**WHAT THE TASK REQUIRES**
The required output is the lines from the one with "Fauteuil original restauré" through the end of the data, repeated verbatim, with no pictures included.
- Opening Delimiter -
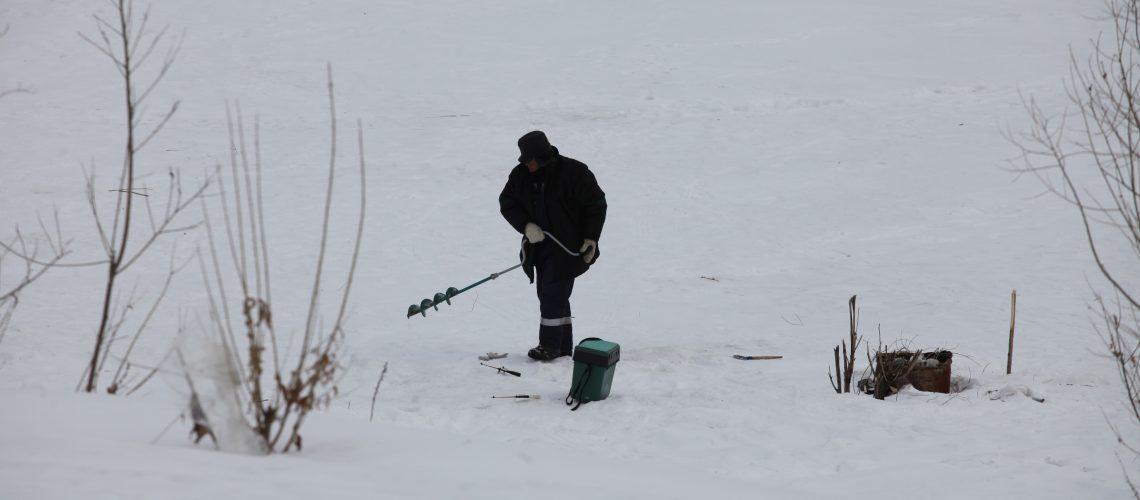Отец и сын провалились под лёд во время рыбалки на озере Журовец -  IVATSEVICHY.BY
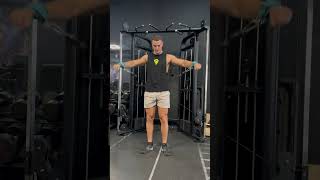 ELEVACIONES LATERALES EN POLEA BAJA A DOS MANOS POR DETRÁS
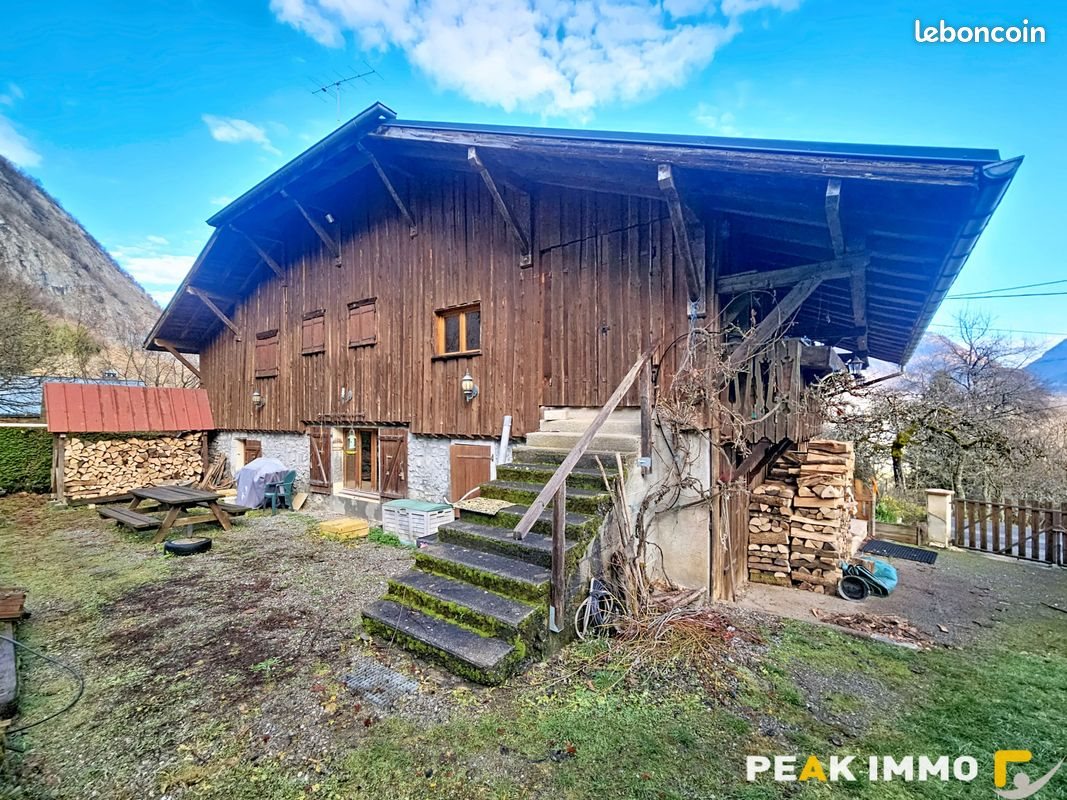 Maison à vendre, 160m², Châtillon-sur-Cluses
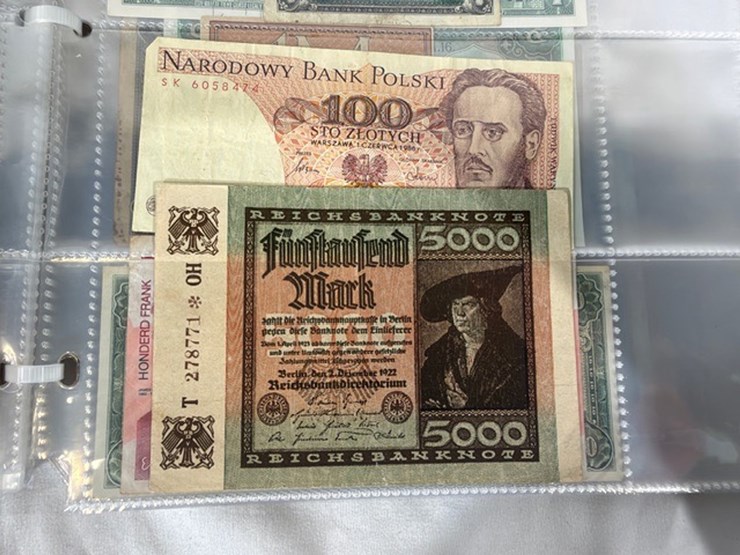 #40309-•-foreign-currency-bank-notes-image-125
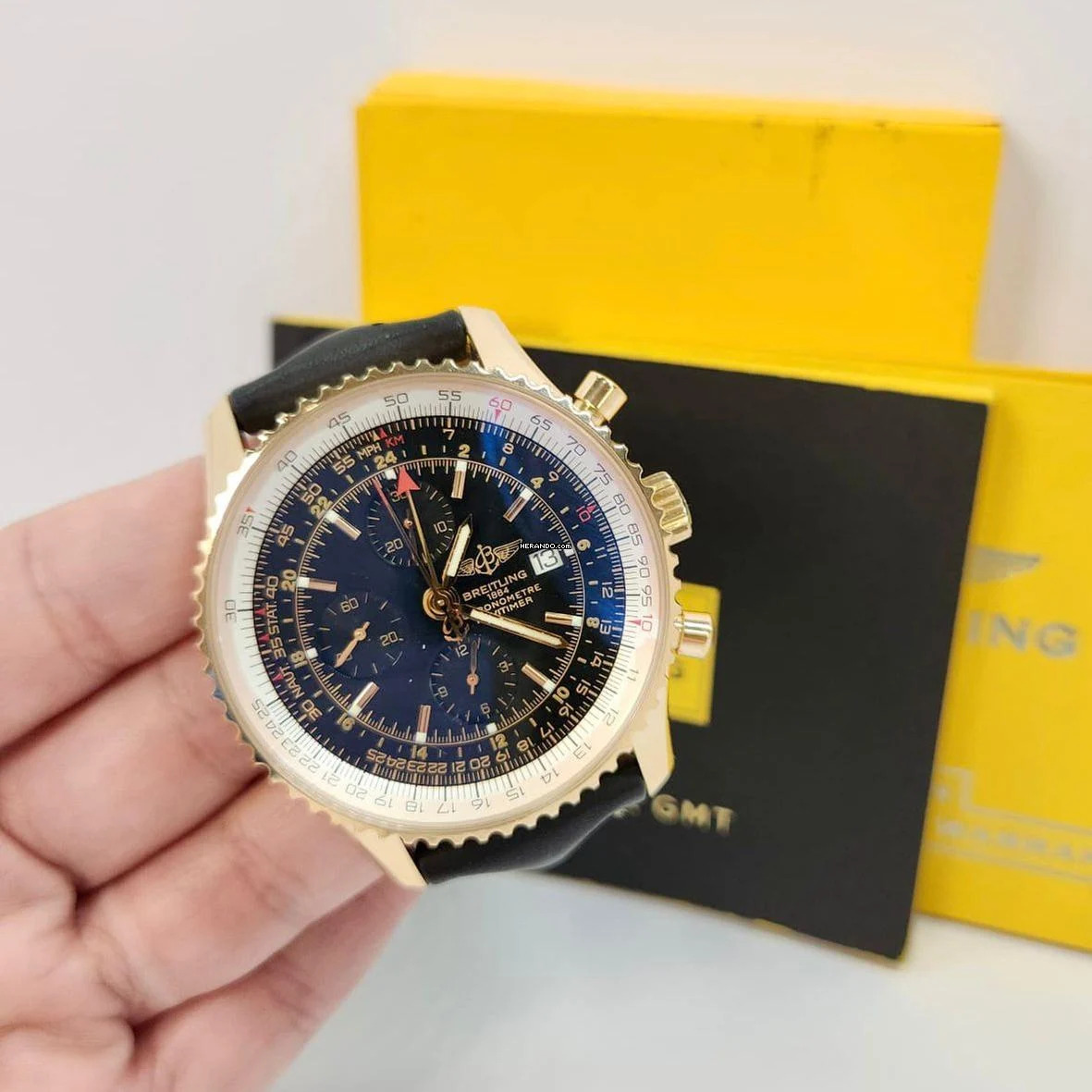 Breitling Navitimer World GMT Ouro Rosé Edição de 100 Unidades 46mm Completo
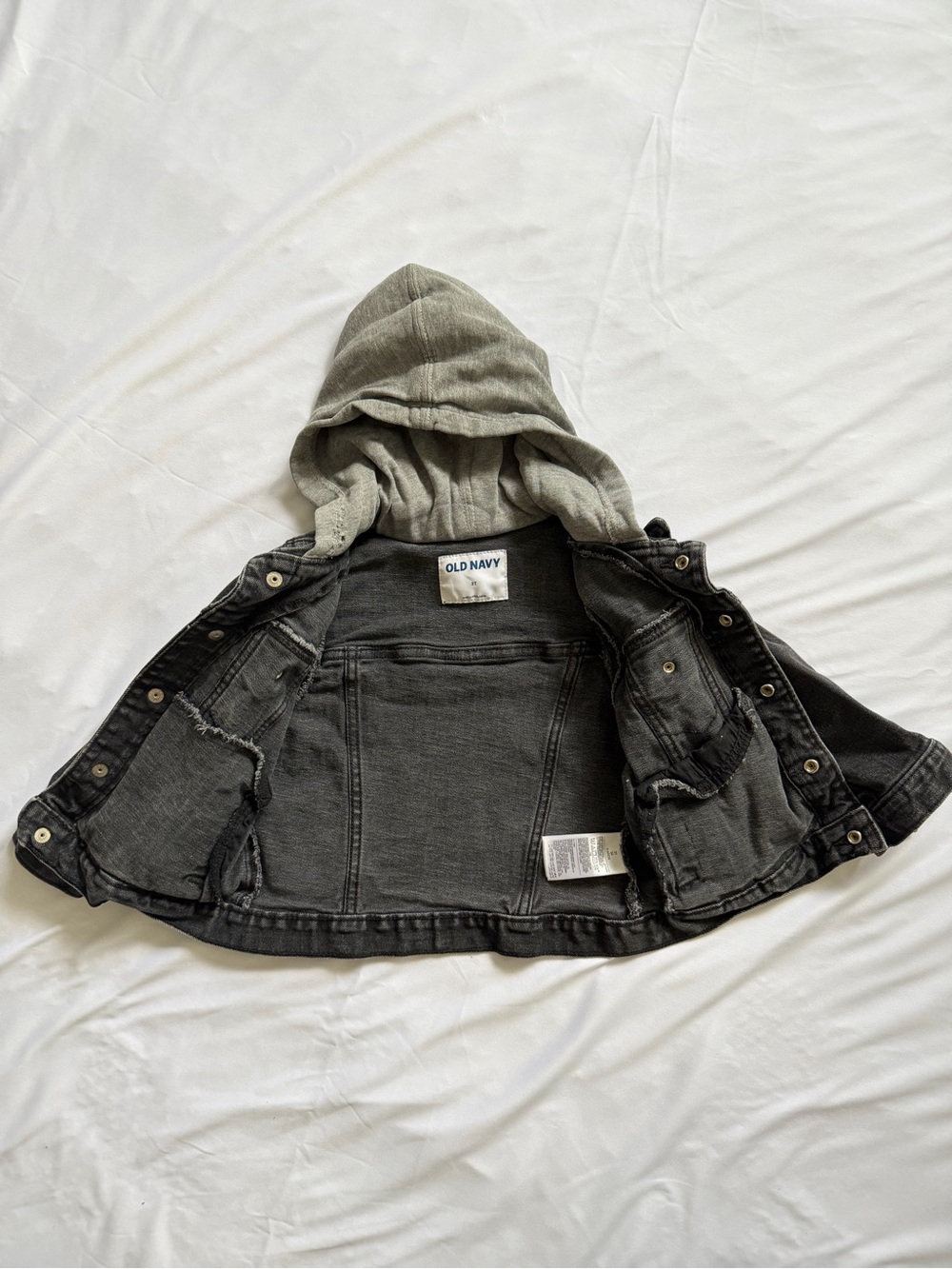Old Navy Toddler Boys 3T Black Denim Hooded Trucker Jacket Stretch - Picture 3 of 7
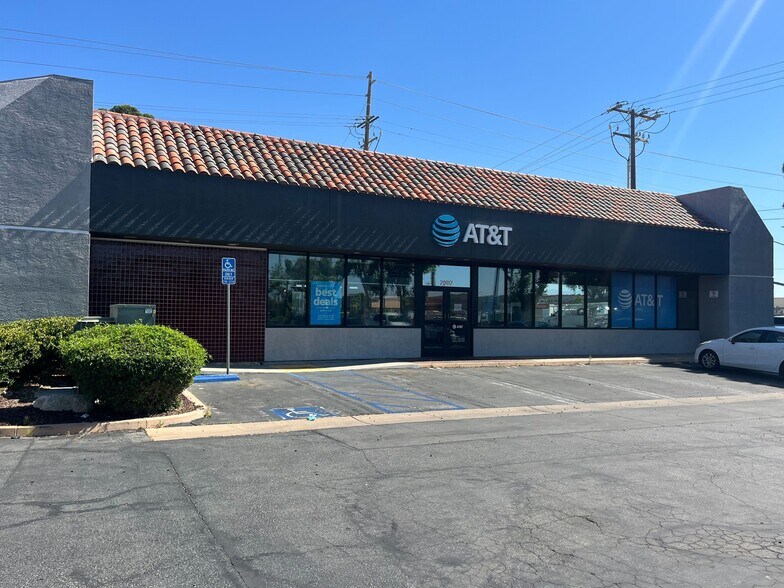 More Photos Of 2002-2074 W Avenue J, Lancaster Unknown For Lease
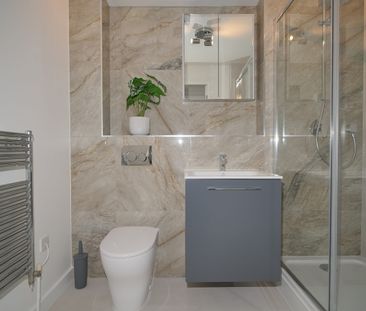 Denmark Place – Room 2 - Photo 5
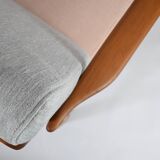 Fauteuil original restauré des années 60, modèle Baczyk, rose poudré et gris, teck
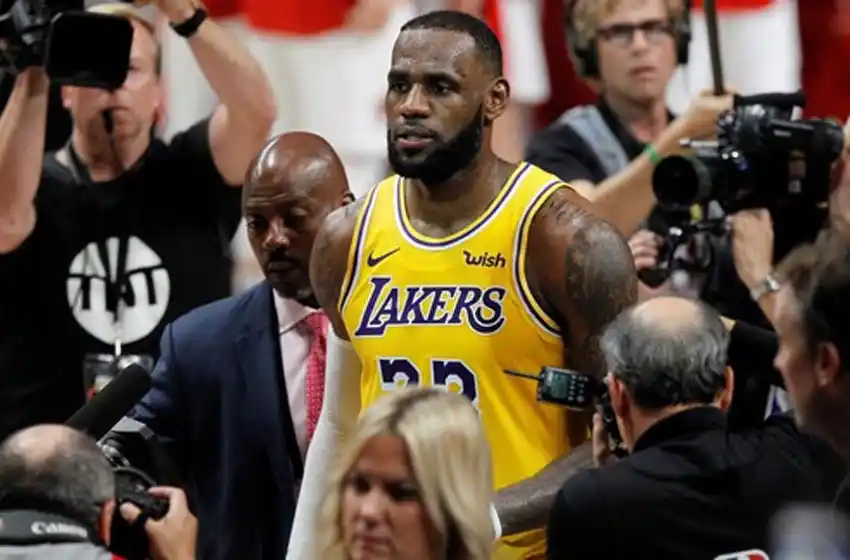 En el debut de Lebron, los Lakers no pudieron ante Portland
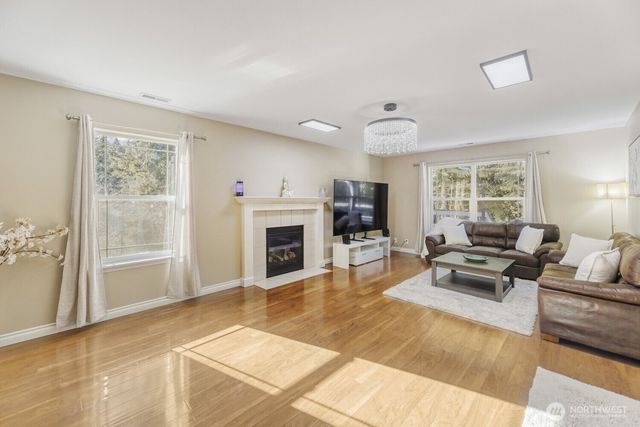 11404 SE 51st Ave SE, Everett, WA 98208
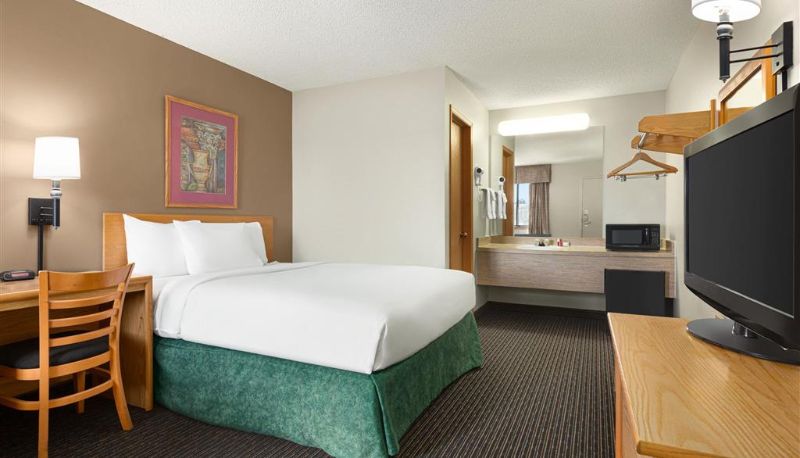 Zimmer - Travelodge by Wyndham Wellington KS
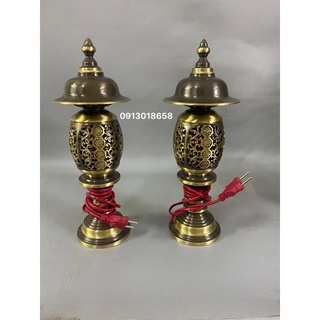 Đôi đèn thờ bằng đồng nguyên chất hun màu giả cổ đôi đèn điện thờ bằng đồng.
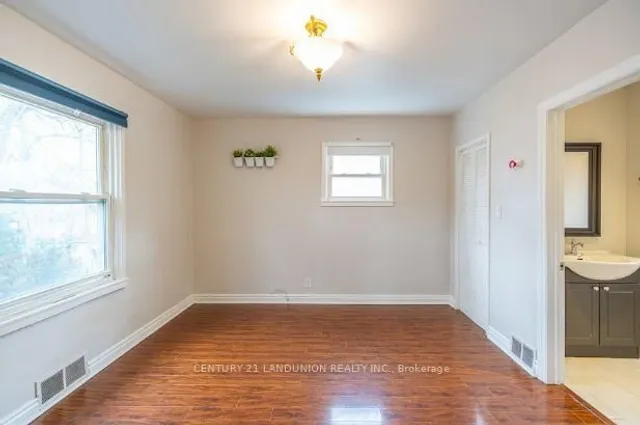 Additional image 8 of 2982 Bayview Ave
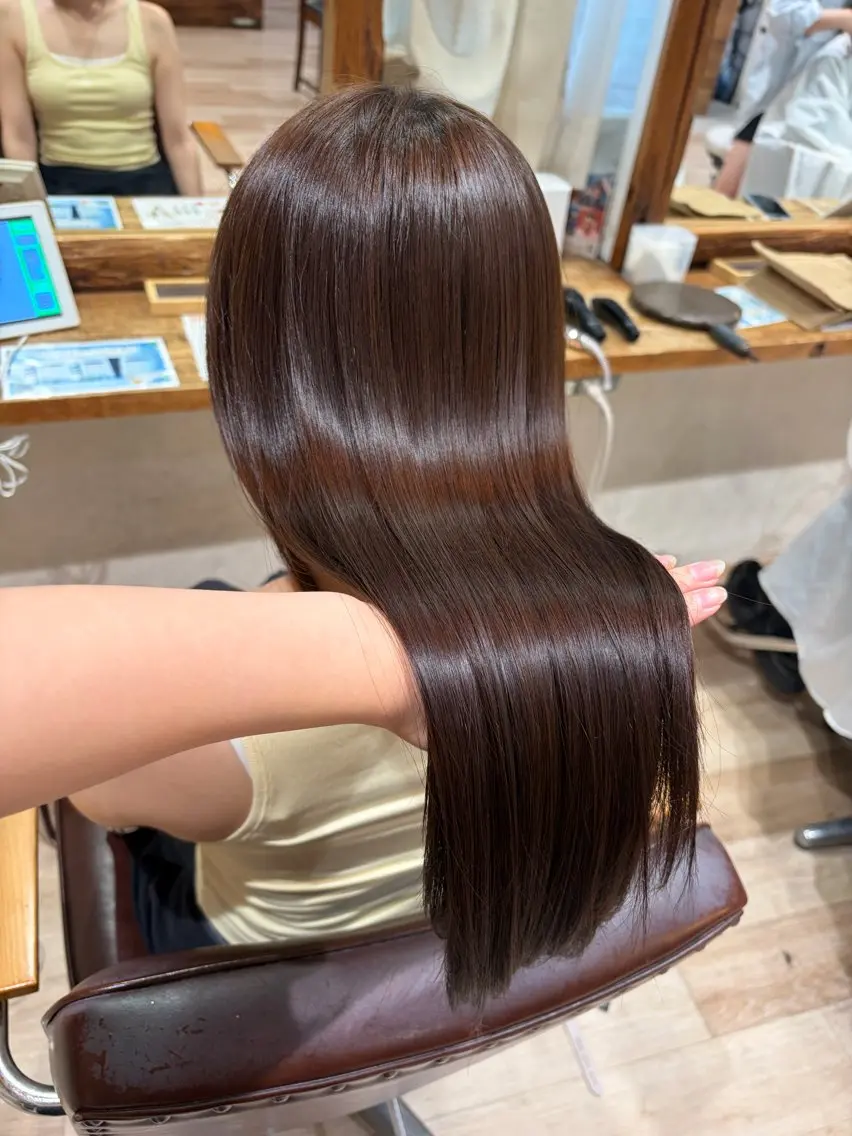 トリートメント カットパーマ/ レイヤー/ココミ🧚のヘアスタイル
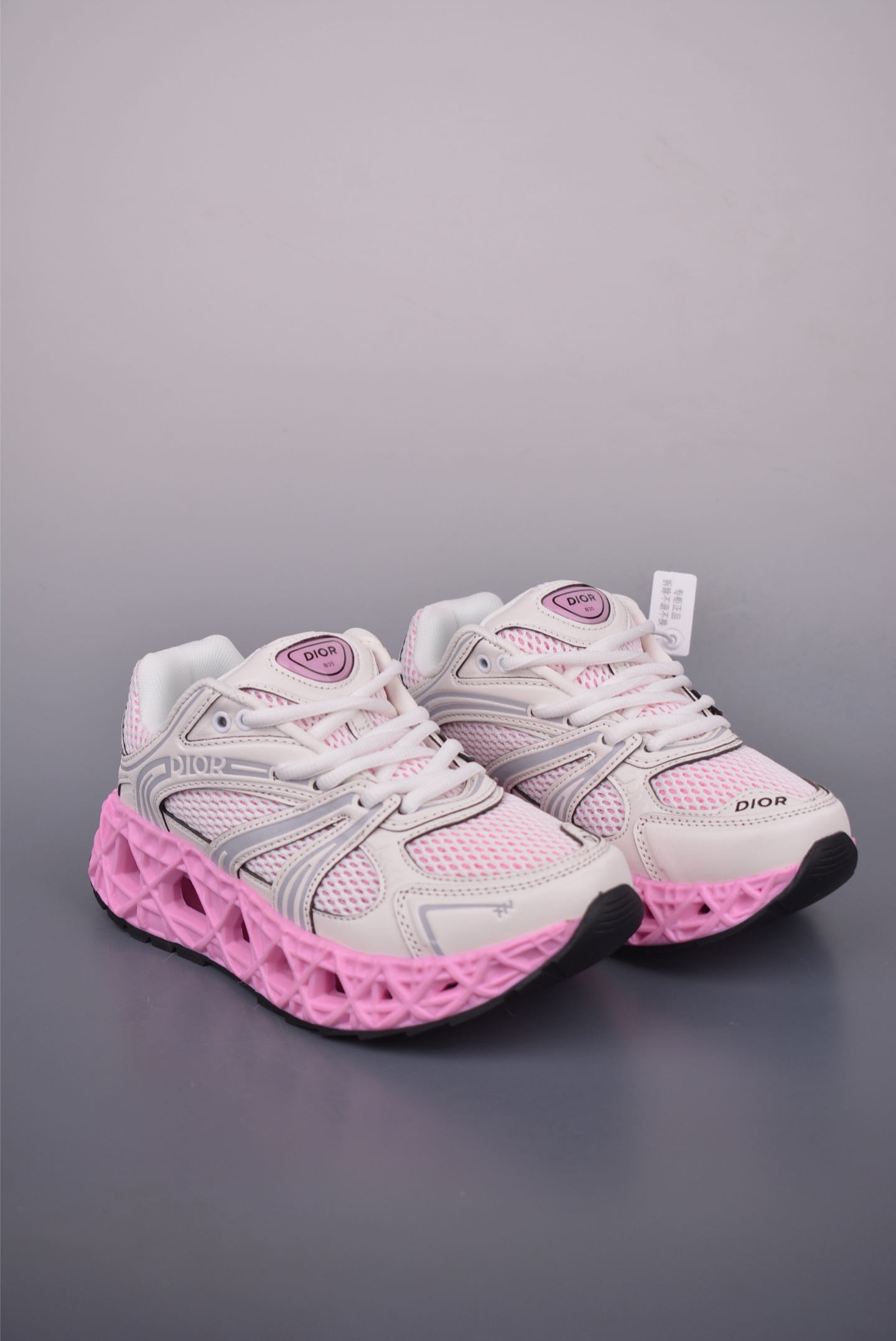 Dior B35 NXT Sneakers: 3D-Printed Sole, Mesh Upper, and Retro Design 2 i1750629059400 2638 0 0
- Closing Delimiter -
**ANSWER TO THIS EXERCISE**
 Fauteuil original restauré des années 60, modèle Baczyk, rose poudré et gris, teck
 En el debut de Lebron, los Lakers no pudieron ante Portland
 11404 SE 51st Ave SE, Everett, WA 98208
 Zimmer - Travelodge by Wyndham Wellington KS
 Đôi đèn thờ bằng đồng nguyên chất hun màu giả cổ đôi đèn điện thờ bằng đồng.
 Additional image 8 of 2982 Bayview Ave
 トリートメント カットパーマ/ レイヤー/ココミ🧚のヘアスタイル
 Dior B35 NXT Sneakers: 3D-Printed Sole, Mesh Upper, and Retro Design 2 i1750629059400 2638 0 0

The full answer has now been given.